◆ Task ◆
Count the lines below that contain the word "Golf", and give only that number.

◆ Exercise materials ◆
····················

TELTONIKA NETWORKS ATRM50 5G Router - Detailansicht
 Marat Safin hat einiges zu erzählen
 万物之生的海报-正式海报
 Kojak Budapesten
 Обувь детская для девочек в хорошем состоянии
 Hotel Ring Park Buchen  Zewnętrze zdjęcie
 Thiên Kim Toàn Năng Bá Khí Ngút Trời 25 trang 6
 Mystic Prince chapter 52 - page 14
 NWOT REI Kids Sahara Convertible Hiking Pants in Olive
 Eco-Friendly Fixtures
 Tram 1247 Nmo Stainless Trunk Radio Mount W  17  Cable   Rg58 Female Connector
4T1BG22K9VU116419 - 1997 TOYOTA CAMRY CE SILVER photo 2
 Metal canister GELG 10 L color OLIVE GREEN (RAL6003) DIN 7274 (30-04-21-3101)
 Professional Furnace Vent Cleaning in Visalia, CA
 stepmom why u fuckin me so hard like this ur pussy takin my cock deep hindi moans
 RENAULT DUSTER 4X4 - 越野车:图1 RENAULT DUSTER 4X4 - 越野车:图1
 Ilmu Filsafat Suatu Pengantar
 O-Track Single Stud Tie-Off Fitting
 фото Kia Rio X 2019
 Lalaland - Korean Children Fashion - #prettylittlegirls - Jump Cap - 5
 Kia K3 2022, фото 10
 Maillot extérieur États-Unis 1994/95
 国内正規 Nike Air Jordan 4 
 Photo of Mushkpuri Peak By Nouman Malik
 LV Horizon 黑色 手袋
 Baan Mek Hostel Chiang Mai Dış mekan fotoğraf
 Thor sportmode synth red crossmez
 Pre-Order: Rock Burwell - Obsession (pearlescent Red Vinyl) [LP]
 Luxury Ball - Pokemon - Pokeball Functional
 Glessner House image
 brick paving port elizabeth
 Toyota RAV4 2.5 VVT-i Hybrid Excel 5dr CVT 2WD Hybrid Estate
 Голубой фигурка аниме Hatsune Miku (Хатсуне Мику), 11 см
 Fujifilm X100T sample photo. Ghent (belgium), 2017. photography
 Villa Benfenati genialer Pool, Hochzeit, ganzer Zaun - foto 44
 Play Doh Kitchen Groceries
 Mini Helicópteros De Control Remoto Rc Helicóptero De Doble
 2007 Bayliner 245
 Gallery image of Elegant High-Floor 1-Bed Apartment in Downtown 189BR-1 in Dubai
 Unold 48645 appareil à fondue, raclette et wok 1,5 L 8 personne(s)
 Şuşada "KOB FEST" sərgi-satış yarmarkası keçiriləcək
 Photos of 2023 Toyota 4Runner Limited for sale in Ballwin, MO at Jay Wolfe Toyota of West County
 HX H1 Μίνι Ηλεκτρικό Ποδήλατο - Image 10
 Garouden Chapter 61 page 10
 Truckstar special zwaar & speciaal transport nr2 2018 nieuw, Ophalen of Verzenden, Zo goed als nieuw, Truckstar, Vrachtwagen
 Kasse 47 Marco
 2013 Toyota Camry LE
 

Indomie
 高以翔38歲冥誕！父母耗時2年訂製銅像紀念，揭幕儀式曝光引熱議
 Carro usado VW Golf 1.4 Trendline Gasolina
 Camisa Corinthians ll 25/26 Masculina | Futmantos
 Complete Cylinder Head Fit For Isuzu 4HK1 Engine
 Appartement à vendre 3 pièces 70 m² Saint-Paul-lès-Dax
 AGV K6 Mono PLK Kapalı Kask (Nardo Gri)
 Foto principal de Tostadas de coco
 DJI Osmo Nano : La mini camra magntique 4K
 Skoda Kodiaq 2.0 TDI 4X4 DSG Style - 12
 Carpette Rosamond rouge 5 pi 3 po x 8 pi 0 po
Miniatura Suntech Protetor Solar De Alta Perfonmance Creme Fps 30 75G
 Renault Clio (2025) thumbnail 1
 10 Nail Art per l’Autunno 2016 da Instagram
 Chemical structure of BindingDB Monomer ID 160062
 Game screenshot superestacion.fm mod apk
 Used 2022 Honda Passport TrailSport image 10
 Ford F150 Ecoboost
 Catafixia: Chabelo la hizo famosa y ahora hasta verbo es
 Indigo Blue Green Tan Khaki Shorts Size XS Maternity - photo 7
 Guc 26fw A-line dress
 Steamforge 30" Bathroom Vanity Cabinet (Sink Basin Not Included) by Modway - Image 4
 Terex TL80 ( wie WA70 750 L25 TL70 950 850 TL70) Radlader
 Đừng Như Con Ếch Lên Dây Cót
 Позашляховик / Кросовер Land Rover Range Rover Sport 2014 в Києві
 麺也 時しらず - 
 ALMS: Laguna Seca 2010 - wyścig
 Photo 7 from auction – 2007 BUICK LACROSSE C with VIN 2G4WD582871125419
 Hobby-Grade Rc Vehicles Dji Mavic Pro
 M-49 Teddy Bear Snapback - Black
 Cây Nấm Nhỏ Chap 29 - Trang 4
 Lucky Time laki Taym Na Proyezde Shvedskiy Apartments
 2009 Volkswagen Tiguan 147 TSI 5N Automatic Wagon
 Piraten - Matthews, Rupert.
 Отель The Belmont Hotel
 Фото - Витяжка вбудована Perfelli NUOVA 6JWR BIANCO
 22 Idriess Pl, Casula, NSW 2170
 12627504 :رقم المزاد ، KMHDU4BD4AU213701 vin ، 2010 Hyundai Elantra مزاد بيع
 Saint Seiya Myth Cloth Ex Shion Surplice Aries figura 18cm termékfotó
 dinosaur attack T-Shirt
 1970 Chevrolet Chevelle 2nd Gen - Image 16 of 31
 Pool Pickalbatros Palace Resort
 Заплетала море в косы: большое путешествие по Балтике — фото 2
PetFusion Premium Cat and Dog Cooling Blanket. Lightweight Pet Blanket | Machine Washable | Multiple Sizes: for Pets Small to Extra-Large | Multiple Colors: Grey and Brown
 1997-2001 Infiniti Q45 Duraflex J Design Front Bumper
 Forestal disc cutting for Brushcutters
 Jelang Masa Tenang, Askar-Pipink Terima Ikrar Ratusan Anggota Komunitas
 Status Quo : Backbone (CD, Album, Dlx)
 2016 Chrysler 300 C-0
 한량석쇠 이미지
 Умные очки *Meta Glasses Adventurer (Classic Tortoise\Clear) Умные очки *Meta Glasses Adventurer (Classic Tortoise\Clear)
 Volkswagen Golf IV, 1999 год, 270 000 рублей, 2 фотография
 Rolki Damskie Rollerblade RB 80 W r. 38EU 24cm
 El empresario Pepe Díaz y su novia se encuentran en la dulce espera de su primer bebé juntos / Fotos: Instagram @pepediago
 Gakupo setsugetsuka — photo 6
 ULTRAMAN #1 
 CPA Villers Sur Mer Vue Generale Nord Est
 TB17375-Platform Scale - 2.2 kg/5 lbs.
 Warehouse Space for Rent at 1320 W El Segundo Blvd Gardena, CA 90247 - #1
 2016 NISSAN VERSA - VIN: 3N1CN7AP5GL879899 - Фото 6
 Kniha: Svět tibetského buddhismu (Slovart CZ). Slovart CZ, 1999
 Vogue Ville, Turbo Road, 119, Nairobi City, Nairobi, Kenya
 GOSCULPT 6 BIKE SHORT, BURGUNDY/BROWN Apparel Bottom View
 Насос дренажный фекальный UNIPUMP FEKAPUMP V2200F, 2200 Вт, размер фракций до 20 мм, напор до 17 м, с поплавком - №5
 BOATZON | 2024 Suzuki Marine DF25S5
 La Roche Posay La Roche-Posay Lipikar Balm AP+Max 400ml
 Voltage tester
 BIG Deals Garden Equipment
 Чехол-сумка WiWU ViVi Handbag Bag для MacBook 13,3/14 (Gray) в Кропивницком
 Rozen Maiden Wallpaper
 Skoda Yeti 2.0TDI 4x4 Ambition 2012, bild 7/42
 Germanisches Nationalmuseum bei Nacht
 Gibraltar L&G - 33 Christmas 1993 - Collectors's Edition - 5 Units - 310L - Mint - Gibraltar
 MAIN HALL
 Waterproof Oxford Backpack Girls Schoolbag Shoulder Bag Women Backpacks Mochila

····················

◆ Completed exercise ◆
2